Days are disappearing into the past too quickly.
And yet at the same time, the hours seem to stand still. It's hard to understand.
I am happy for some of the minutes and hours that pass by. Some of them I want to go away. The slow ones are different. Depending on whether we're waiting on something to hear, or do, or go to. I wouldn't mind them going by slowly if all the moments could just be savored, in a good place. But then again, maybe that's a choice that has to be made.
Rob has been having a bit more quiet around him. Little flashes of understandable anger, but they disappear as quickly as they come. God raised him above that quiet this morning, by having a best-buddy from childhood call and bring out wonderful laughter and smiles that I haven't seen in a while (thank you, Andy... thank you, God). I was sitting quietly beside him, busy in my never-ending piles of books and papers, smiling to the depths of my being.
Seeing him happy makes me happy. And I can't always bring that out in him.
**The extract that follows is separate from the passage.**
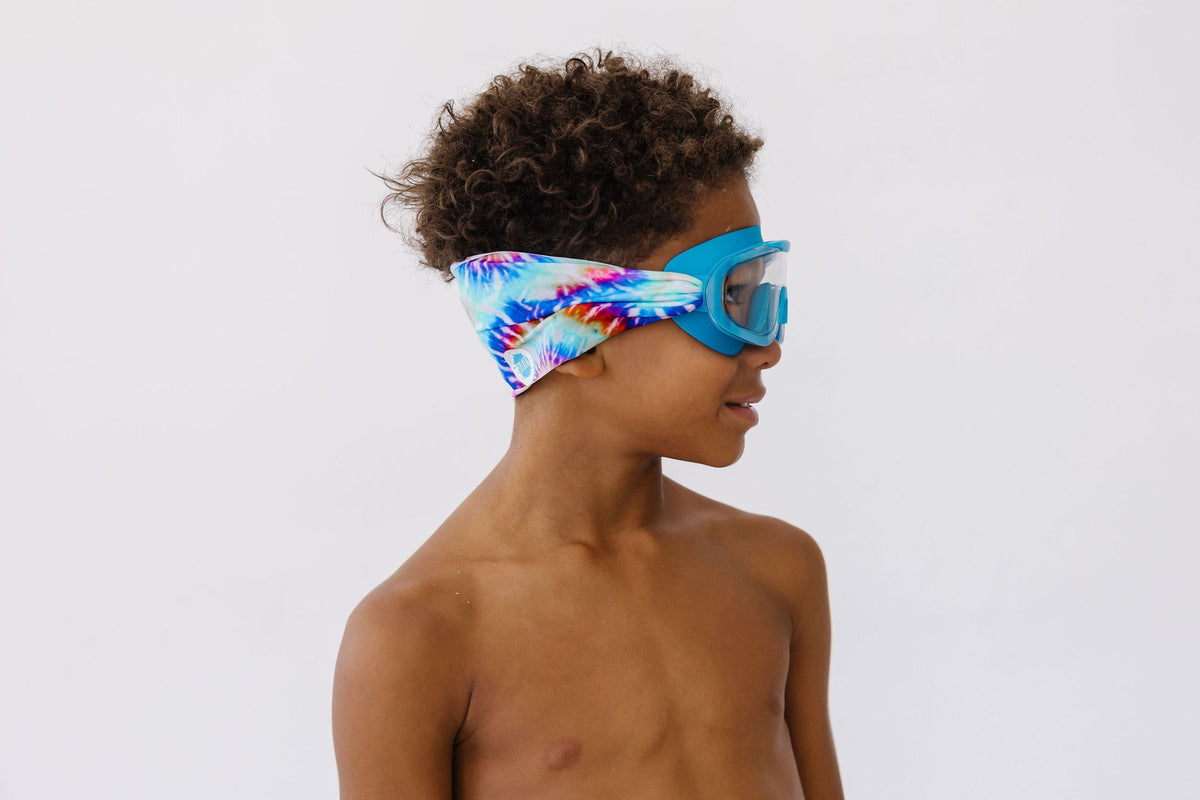 Tie Dye Youth Goggle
It's evidence to me that I'm not supposed to be able to handle it ALL. But to instead, cherish the help God sends our way. And I do.
We have an appointment scheduled with the oncologist for February 12th. We will discuss the options, the what-if's and what-not's, get answers to the growing lists of questions we will have, and then come home and pray for clear direction, for wisdom, for guidance... for the door to open that we're to walk through, together. The 12th seems so far off, but I know it will, like most days lately, disappear too quickly.
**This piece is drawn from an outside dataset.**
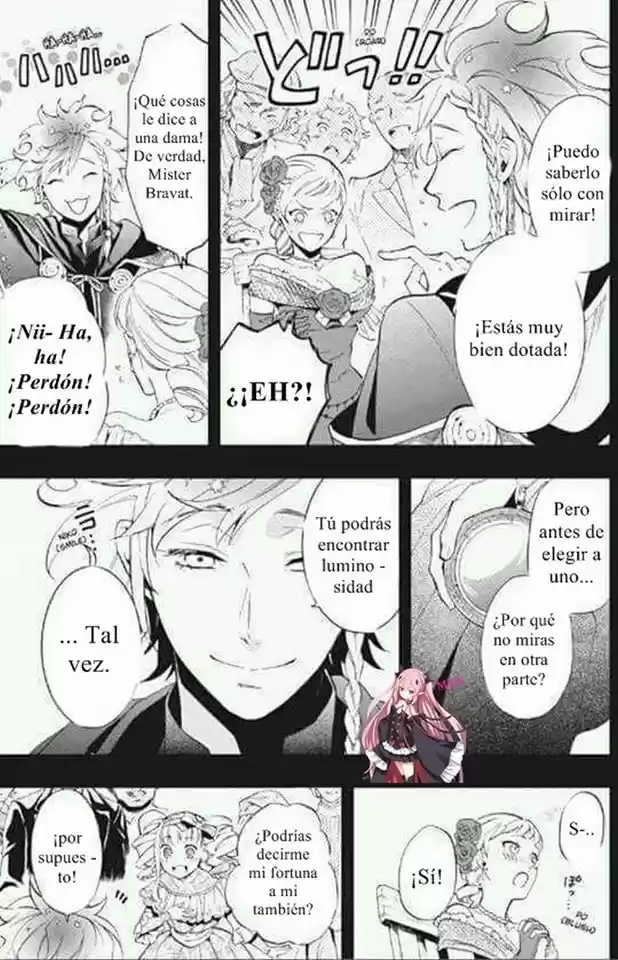 Kuroshitsuji - Capítulo 110 - Página 11 - LectorTMOo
This afternoon Rob showered, then slept most of the rest of the day and evening trying to recover from the exertion. However, he just got a spurt of energy, and I believe he's entertaining his facebook family as I write. ;)
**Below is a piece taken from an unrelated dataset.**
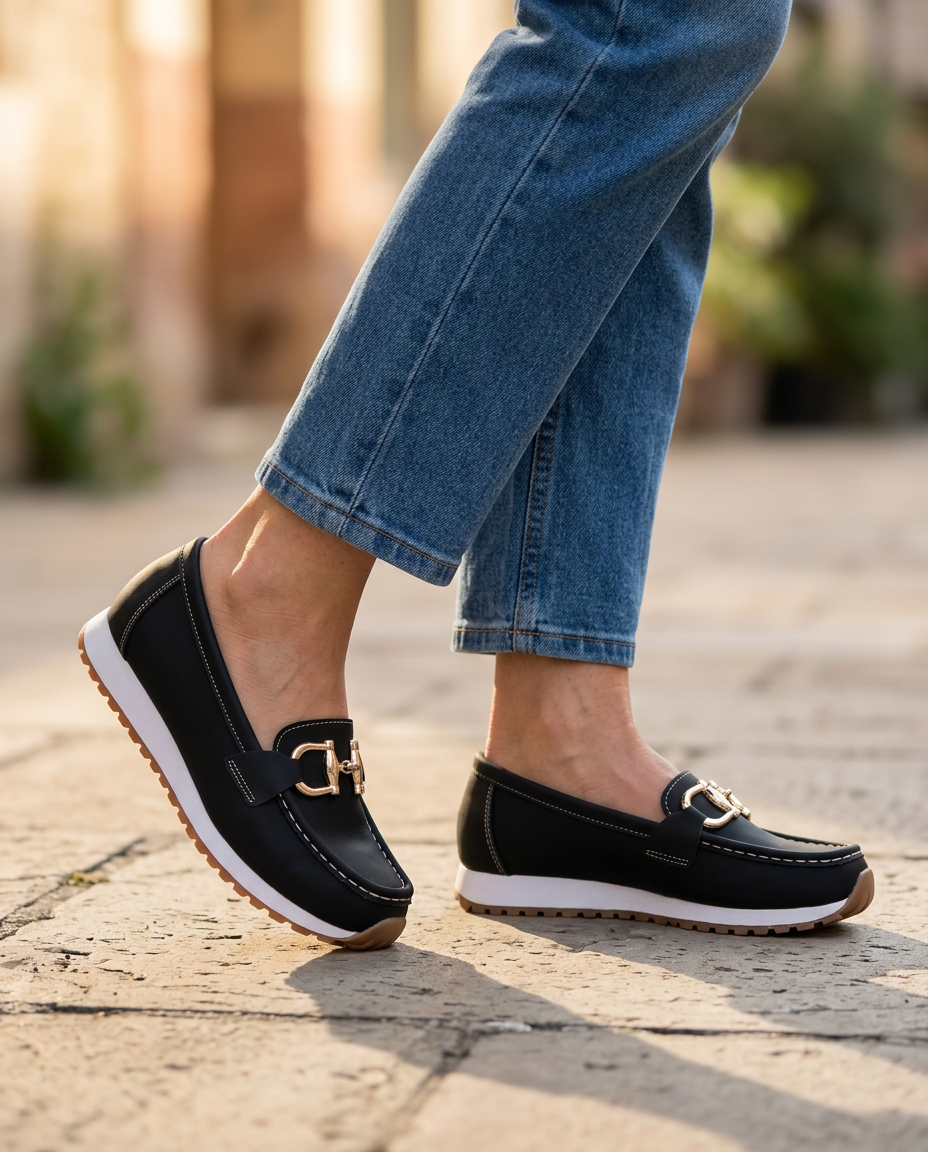 The Garda Loafer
The computer has given Rob such *JOY!* He is able to reconnect with friends, and share the music he loves, that is so much a part of his life. And along with the songs, he shares his knowledge of the bands, the histories, all the details you never knew about. It keeps him in a good place, which is where I want him to be.
So, Rock On, Rob!!! Let the music fill you with all that you love so much!
And I thank all of you for your prayers. They are keeping him strong, so he is able to do what he loves.
You are the best.
In Love and In Peace,
Cheri
Rob
and I are not able to join the family at my sister's tomorrow for the
annual Super Bowl party, but my big sis, in her kindness, is bringing a portion of the 'celebration' to us tomorrow afternoon! Thank you, Carol! We will be with you in spirit!!!
Dear Friends and Family... May you all enjoy the day and night with family and friends, knowing how blessed you are to have that time!!!